This very successful complete set has been judged a little too coarse by comparison. Still, everyone recognized its qualities, other versions were just too strong.










*2nd ex aequo (C1) LaSalle Quartet (DG/Brilliant, 12/1976)*

This is one of my favourite versions. One of the most violent, instruments fight more than they dialogue here (influence of the Viennese school recorded by the LQ ?) One of the best bargains too, thanks to Brilliant.

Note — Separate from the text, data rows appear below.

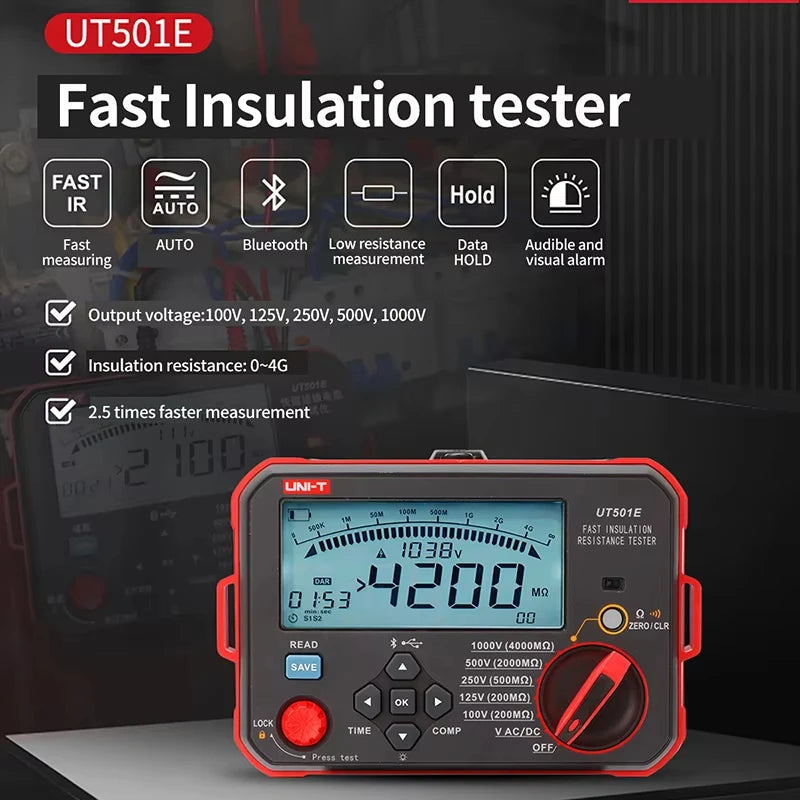 UNI-T UT501E Insulation Resistance Tester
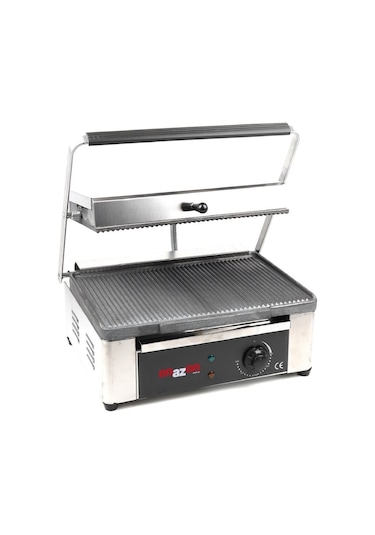 16 Dilim Elektrikli Saf Demir Döküm Tost Makinesi 1550 W. Döküm :40x27 Cm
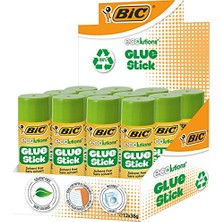 Bıc Ecolutions Glue Stick Yapıştırıcı, 36 Gr. 12 Adet, Solvent Içermez, Yıkanabilir ve Kolay Uygulanabilir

*2nd (C2) Juilliard String Quartet (Columbia, 1964-1970?)*

And, again, a big surprise in this group. After the Amadeus Quartet and the Quartetto Italiano, you decided to eliminate the Juilliard SQ. Actually, 3 different recordings were made, this one (in studio) and 2 live versions, for the complete set in the 1980s and then on a 1996 CD. This might sound funny, but there is much more fire here than in the later versions, maybe because the quartet took more risks when not in front of the audience. Still, this was not sufficient for you and the sound was maybe insufficiently "smooth", at list when compared to C3...


----------



## Discobole

*Group A : Results*

6 voters in this group. Ranking :

*1st : A2* --> qualified for Finals
2nd : A3 --> eliminated
3rd : A4 --> eliminated
4th : A1 --> eliminated

The eliminated versions are :

*4th (A1) Alban Berg Quartett (EMI, 1983)*

That will sound like a big surprise. Not really for me, I really don't think this set deserves the status of a reference I frequenlty hear or read about it.

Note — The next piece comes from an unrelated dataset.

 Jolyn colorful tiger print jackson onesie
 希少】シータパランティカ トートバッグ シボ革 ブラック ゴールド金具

*3rd (A4) Raphael Quartet (Globe, 1992)*

An unknown version I truly admired when I heard it by chance. Finishing before the Berg Quartet, and with 2 voters putting it on 1st place, is already quite a performance. I really recommend this CD, by the way, a very pleasant discovery.










*2nd (A3) Takács Quartet (Decca, 2003)*

A2 and A3 were very close, but in a group where reactions were less enthusiastic than in others. The Takacs are indeed very passionate and with a great intensity, but lack a certain sense of balance, which is maybe why it didn't totally convince you...


----------



## Discobole

*Group D : Results*

6 voters in this group. Ranking :

*1st : D1* --> qualified for Finals
2nd ex aequo : D4 --> eliminated
2nd ex aequo : D3 --> eliminated
4th : D2 --> eliminated

The eliminated versions are :

*4th (D2) Guarneri String Quartet (RCA, 196?)*

Better than the second complete set (Philips/Brilliant), but still, it probably sounded a little too laborious, compared to other versions here..

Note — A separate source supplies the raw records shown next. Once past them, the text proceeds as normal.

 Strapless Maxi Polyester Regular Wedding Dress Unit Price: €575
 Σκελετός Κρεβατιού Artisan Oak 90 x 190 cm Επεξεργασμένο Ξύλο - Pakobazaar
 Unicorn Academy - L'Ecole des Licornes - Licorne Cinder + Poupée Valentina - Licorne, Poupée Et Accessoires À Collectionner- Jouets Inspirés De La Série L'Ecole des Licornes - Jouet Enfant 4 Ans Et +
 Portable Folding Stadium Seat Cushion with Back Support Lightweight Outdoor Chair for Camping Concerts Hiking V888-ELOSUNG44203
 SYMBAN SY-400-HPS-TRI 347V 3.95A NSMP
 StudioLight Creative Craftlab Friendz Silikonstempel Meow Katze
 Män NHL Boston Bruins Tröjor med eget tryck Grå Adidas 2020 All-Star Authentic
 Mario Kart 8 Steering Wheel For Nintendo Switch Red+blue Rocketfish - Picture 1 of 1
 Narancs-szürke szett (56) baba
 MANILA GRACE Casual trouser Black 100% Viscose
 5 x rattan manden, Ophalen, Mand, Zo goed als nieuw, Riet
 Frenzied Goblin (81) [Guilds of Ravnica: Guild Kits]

*2nd ex aequo (D3) Alexander String Quartet (Foghorn, 2009)*

Frequently described as the "new reference" by critics and some listeners, it is certainly interesting, its main interest is the structure, the architecture they reveal. Good version, but maybe not much more...










*2nd ex aequo (D4) Budapest Quartet (Columbia, 1951)*

Well, that's quite a disappointment... This is old-fashioned, yes, of course, but so beautiful, classy, with a natural sens of drama. Well, anyway, voters judged otherwise, and it finishes far behind D1...


----------



## Discobole

So, now is time for the big finals, with the 5 remaining versions : A2, B4, C3, D1 and E3. 

Are there new participants to finish this blind comparison ?


----------



## jurianbai

Alban berg, takacs, budapest, quartteto italia, julliard,hagen all eliminated. of these I familiar with the Hagen, Julliard and Alban Berg. On other hand, my other two set of Beethoven haven't mentioned / eliminated...


----------



## Discobole

Because of a little mistake from one of the voters in group D (inverted versions), the ranking is actually 2) Alexander SQ and 3) Budapest. That doesn't change anything about D1 ahead.

All participants should receive informations about the finals shortly. 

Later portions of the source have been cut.